Work order >> From the line containing "C. Ronaldo được" to the line containing "Schultüte Pferd mit" in the entries below, reproduce every line exactly, ends included. Nothing else belongs in the copy, and no pictures.

Records shown >>
-.-.-

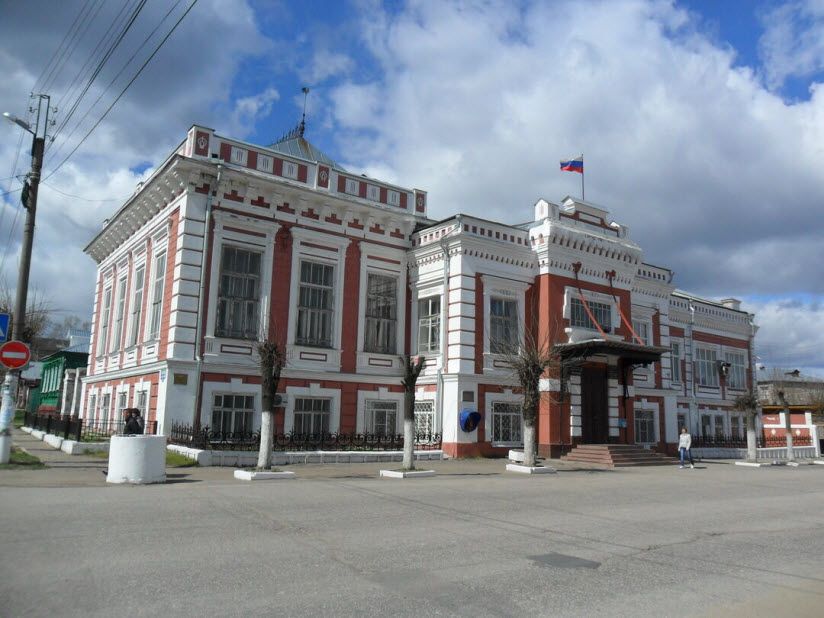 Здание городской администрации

-.-.-

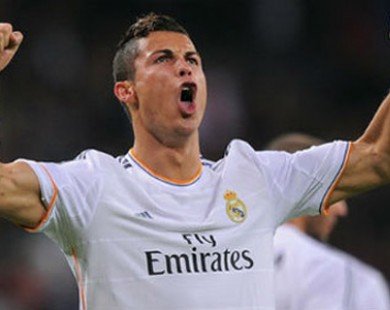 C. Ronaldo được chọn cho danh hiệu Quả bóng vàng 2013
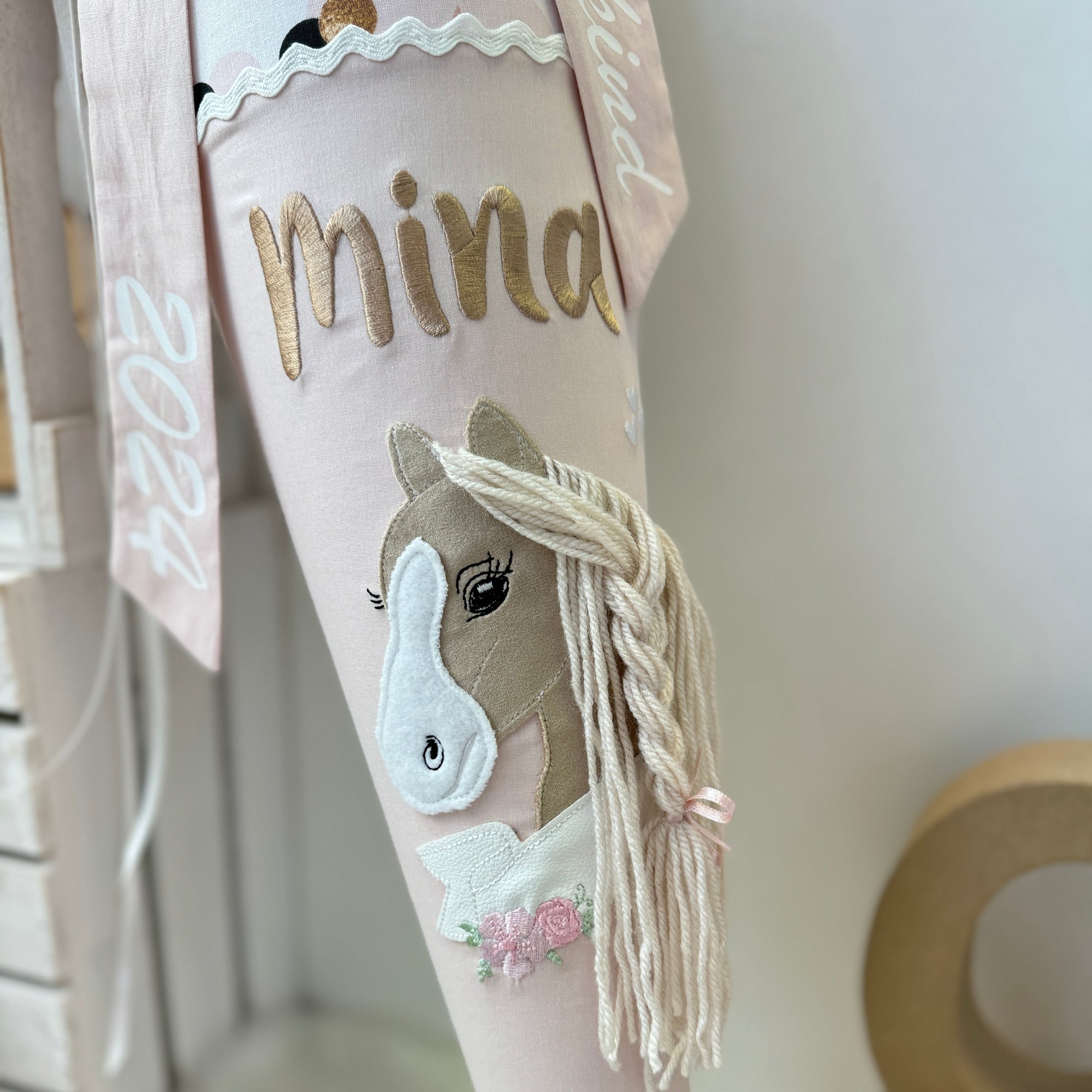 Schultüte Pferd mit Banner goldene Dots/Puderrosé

-.-.-

Completed exercise >>
 C. Ronaldo được chọn cho danh hiệu Quả bóng vàng 2013
 Schultüte Pferd mit Banner goldene Dots/Puderrosé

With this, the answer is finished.